Cellulose acetate (CA) is the “original” membrane and is used for RO, NF and UF applications. The material has a number of limitations, mostly with respect to pH and temperature.
Polyvinylidene difluoride (PVDF) is a traditional membrane material, but it is not used much because it is difficult to make membranes with good and consistent separation characteristics. Its main advantage is its high resistance to hydrocarbons and oxidizing environments.
Also called thin-film composite membranes, they appear under various acronyms such as TFC and TFM, and were made to replace cellulose acetate
RO membranes. The main advantage is the combination of relatively high flux and very high salt rejection, 99.5% NaCl rejection commonly achieved with composite RO membranes. They also have good temperature and pH resistance, but do not tolerate oxidizing environments.
Composite membranes are made of two-layer and three-layer designs, the precise composition of which is proprietary.
MEMBRANES – MATERIALS, STRUCTURE, LIMITS
Around 1980, FilmTec marketed the two-layer design which immediately became the industry standard for water desalination, and this type of membrane has dominated the water desalination market ever since. The membrane has been improved over the years but the basic design remains unchanged, and today there are several companies making this type of membrane.
In the mid-1980s Desalination Systems, Inc. (DSI) began making composite membranes with a three-layer design. These membranes had difficulties competing with the two-layer membranes in water desalination but proved to work better on industrial process streams where it is more stable and less prone to fouling. The three-layer design is available for RO and NF, and it is still the best choice for treating a vast array of difficult process streams. DSI is the only producer of three-layer composite membranes.
Total worldwide consumption of membranes, based on membrane surface area, is approximated as follows.
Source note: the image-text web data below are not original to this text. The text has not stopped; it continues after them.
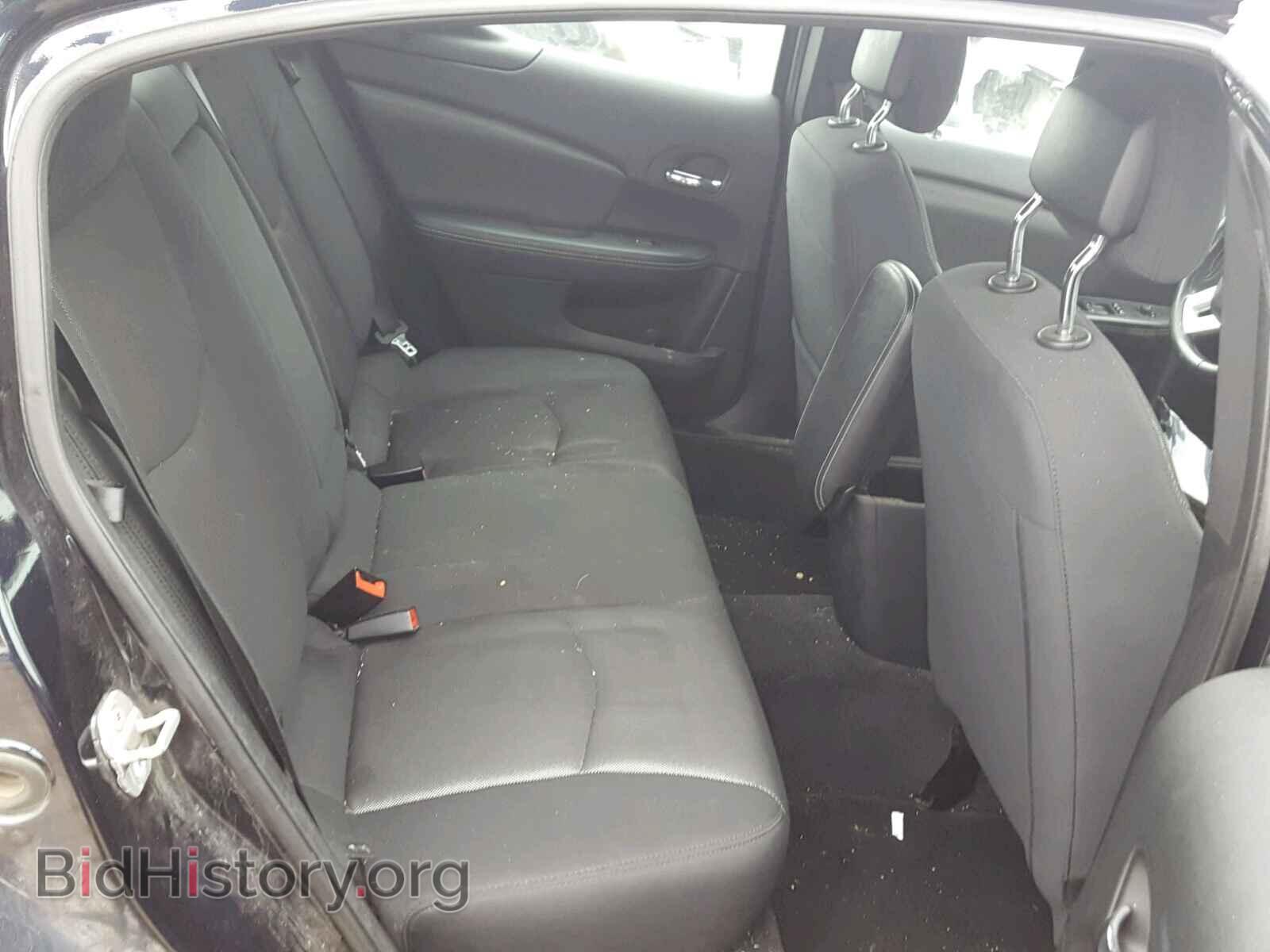 2011 DODGE AVENGER - VIN: 1B3BD1FBXBN535033 - Фото 6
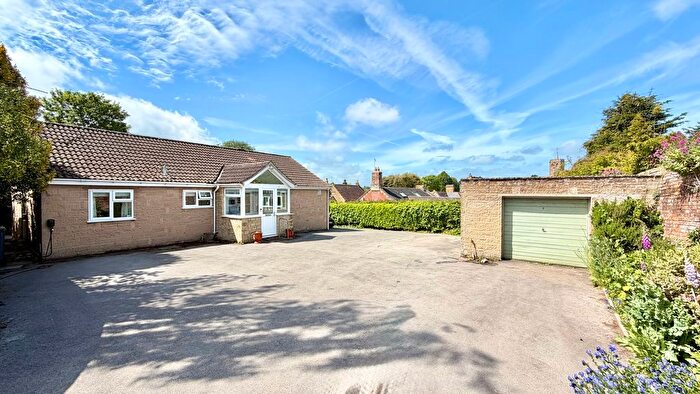 2 Bedroom Detached Bungalow For Sale In St. Peters Rise, South Petherton, Somerset, TA13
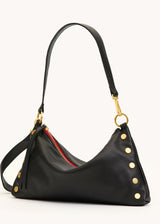 HAMMITT | Kyle - Black/Red Zip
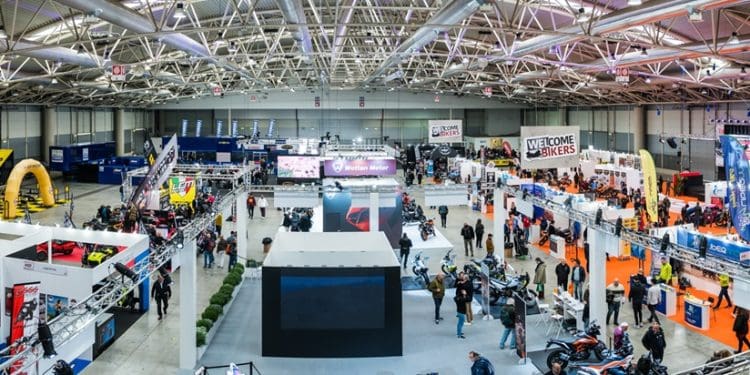 Motodays 2025 regressa a Roma de 7 a 9 de março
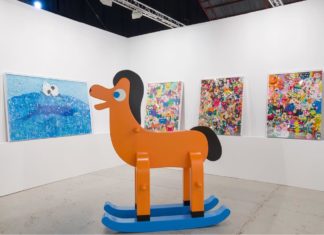 Artists Spread a Message of Magic, Luck, and Friendship Through Their Work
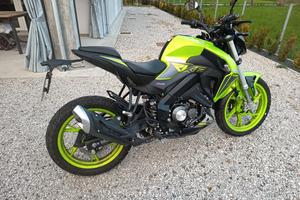 Keeway Rkf 125 del 2021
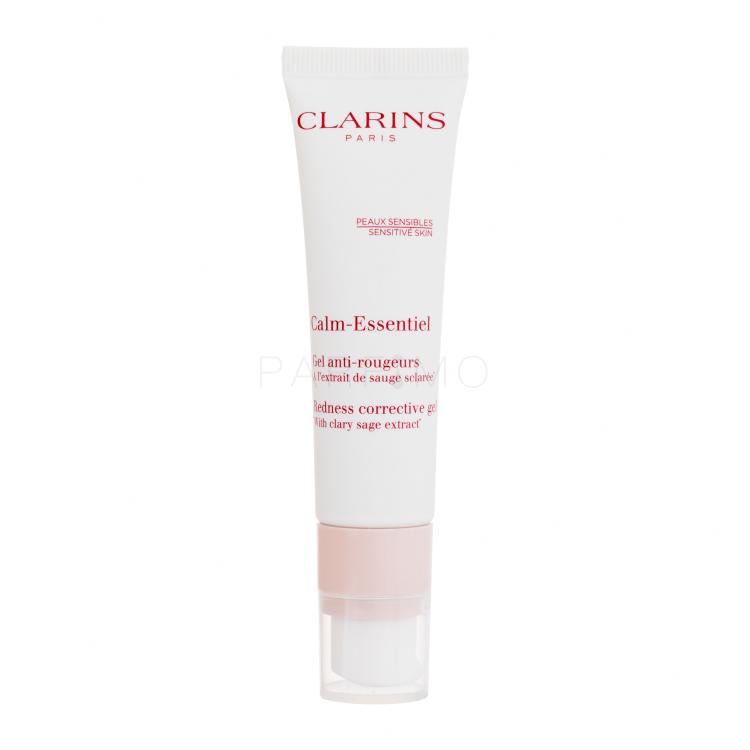 Clarins Calm-Essentiel Redness Corrective Gel Gel za obraz za ženske 30 ml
Composite RO membranes: 85%
Composite NF membranes: 3 – 5%
Polysulfone UF and MF membranes: 5 – 7%
Other membranes: 3 – 5%
Materials like polyacrylonitrile (PAN), ceramic materials (SiO2) and cellulose (hydrolyzed cellulose acetate) are included in the group of “other membranes.”
SELECTION OF MEMBRANE MATERIAL
It can be difficult to select the right membrane and membrane material for a given process, and some general information about the process environment must be available to make a proper selection. The first step is to determine the preferred process (RO, NF, UF or MF) and look at the membrane materials available. Based on the process environment the best-suited membrane material can then be selected.
As a general rule, only well planned and well-performed pilot tests will provide good answers to membrane selection questions for given processes.